The new tougher sanctions placed by the United Nations on North Korea will end up impacting the common people of North Korea more than the regime of North Korean leader Kim Jong Un.

“The likeliest impact on the deeper cuts in petroleum products will be on sectors nonessential to the survival of the regime,” Paul Musgrave, assistant professor at the University of Massachusetts at Amherst, Live Mint reported. “That means that the incidence of these cuts will fall hardest on ordinary North Koreans.”

The latest sanctions which were approved last week were described as a deliberate act of aggression by North Korea.

“We define this ‘sanctions resolution’ rigged by the U.S. and its followers as a grave infringement upon the sovereignty of our Republic and as an act of war violating peace and stability in the Korean Peninsula and the region,” North Korea’s foreign ministry said in a statement on North’s official Korean Central News Agency on Sunday, the Star reported.

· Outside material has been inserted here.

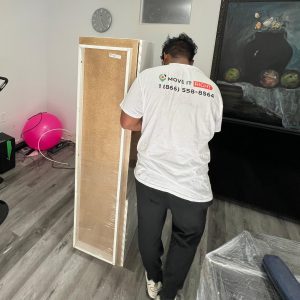 mover wrapping a wardrobe for furniture moving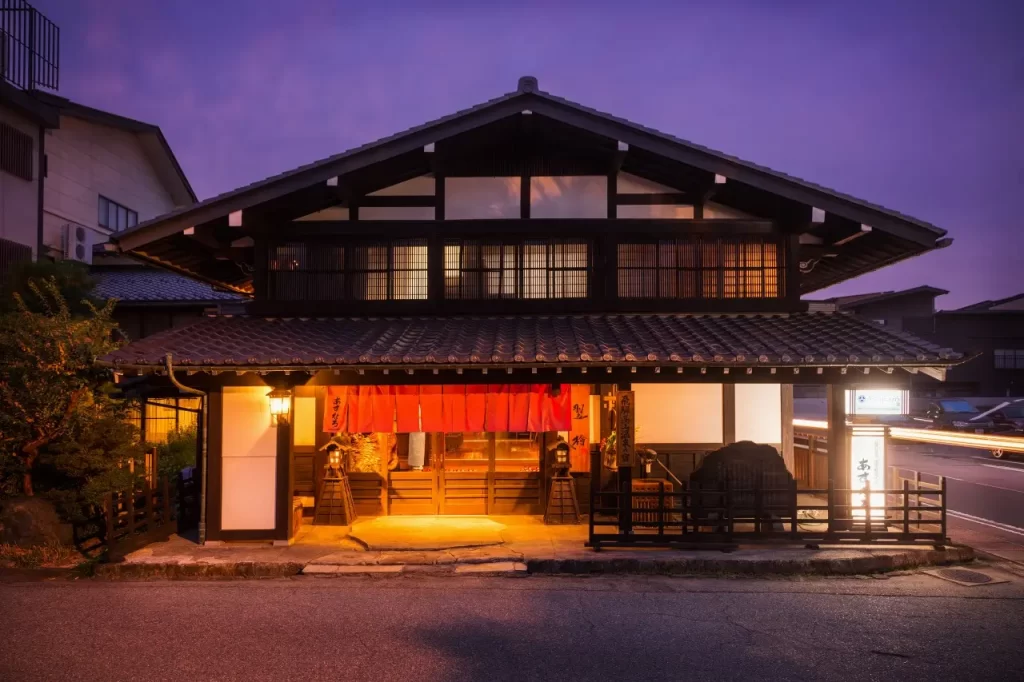 A traditional Japanese inn room with tatami flooring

The December sanctions include cutting down North Korea’s petroleum imports to 500,000 barrels per year. This is a significant drop from the allowance of two million barrels, as dictated by the previous sanctions brought against Pyongyang in September.

According to Hong Kang-chel, a former North Korean border guard who defected in 2013, the sanctions will only cause more resentment for the U.S. among North Korean people as Kim’s regime is most likely to keep the oil for its own use, leaving the citizens to fend for themselves.

“Cutting oil supplies will only make North Koreans rage against the U.S. because they now have to work more by hand on farms, while officials will keep driving cars using smuggled petroleum,” Hong said. “North Korean workers sent overseas have brought back home the ideas and cultures of capitalism they witnessed, but now Trump is leading the way for blocking that route.”

President Donald Trump’s insistence, for several months, on tightening the already strict sanctions on North Korea finally led the U.N. to vote unanimously on Friday and approve the latest measures.

The latest move was in direct retaliation to Kim’s regime testing out its deadliest intercontinental missile yet on Nov. 29, providing further evidence that it has no plans of slowing down its nuclear weapons program.

U.S. ambassador to the United Nations, Nikki Haley told the Security Council that the test was “another attempt by the Kim regime to masquerade as a great power while their people starve and their soldiers defect.”

The North Korean Foreign Ministry, however, has blamed Trump for wanting to bring about a “complete economic blockade” of their country.

“If the U.S. wishes to live safely, it must abandon its hostile policy toward the DPRK and learn to coexist with the country that has nuclear weapons and should wake up from its pipe dream of our country giving up nuclear weapons which we have developed and completed through all kinds of hardships,” said the statement, carried by the KCNA.

The resolution, which excluded some of the originally proposed conditions from the Trump administration such as banning all oil imports and freezing international assets of Kim and his government, will go into effect from Jan. 1.